INSTRUCTIONS TO FOLLOW ▸
Your task is to return all of the entries below exactly, leaving out each picture.

(Stored entries)
■ ■ ■ ■ ■ ■ ■
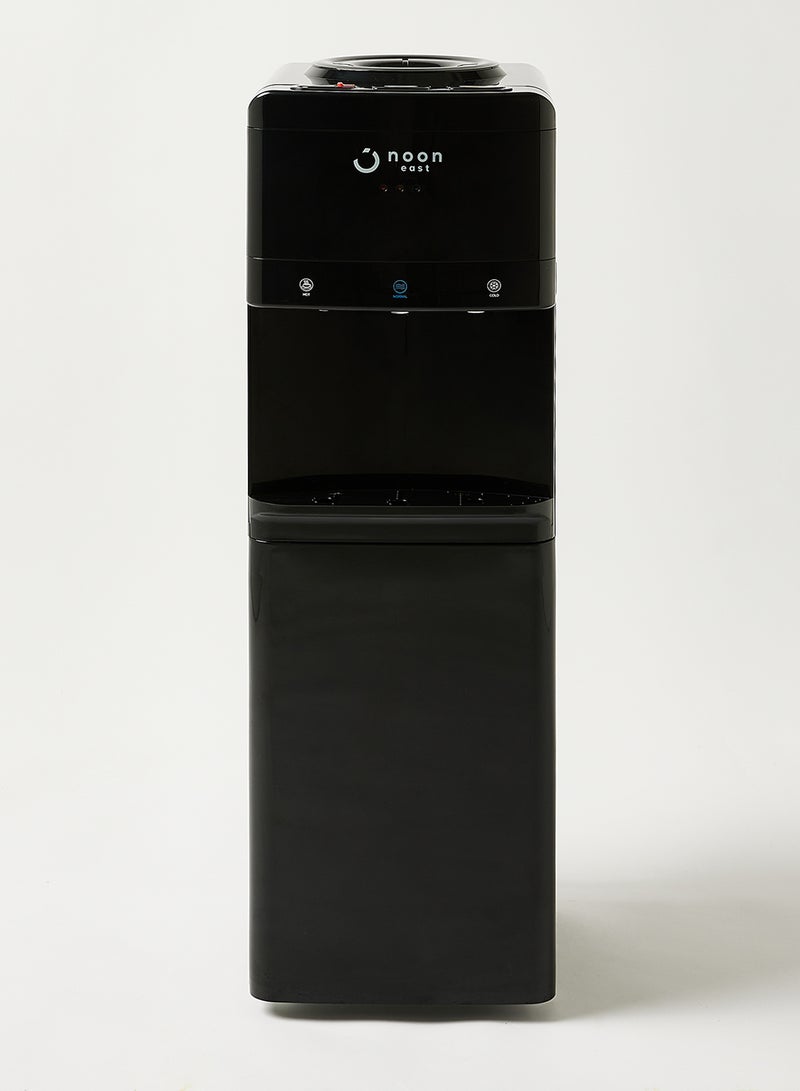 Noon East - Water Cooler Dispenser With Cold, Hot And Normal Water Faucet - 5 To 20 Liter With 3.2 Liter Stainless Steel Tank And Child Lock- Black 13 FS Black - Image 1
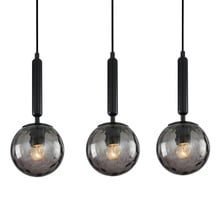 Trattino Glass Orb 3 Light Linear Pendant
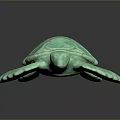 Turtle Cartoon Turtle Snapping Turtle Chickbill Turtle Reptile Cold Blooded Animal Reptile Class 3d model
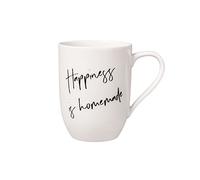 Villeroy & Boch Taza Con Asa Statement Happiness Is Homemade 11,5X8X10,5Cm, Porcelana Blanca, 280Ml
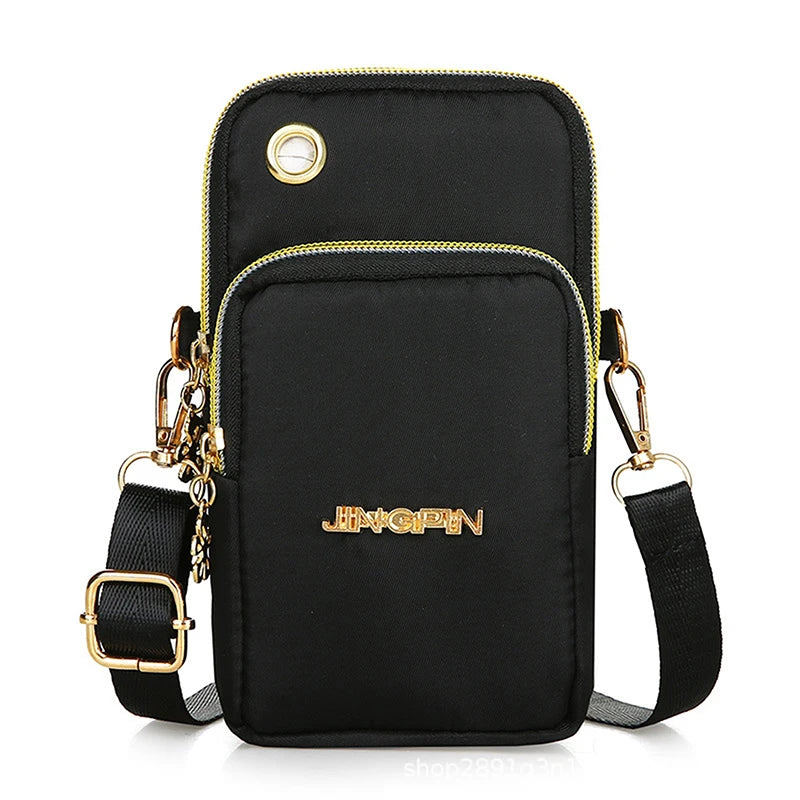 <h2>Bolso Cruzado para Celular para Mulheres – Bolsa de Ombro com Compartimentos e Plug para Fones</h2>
■ ■ ■ ■ ■ ■ ■
ANSWER SPACE ▸
 Noon East - Water Cooler Dispenser With Cold, Hot And Normal Water Faucet - 5 To 20 Liter With 3.2 Liter Stainless Steel Tank And Child Lock- Black 13 FS Black - Image 1
 Trattino Glass Orb 3 Light Linear Pendant
 Turtle Cartoon Turtle Snapping Turtle Chickbill Turtle Reptile Cold Blooded Animal Reptile Class 3d model
 Villeroy & Boch Taza Con Asa Statement Happiness Is Homemade 11,5X8X10,5Cm, Porcelana Blanca, 280Ml
 <h2>Bolso Cruzado para Celular para Mulheres – Bolsa de Ombro com Compartimentos e Plug para Fones</h2>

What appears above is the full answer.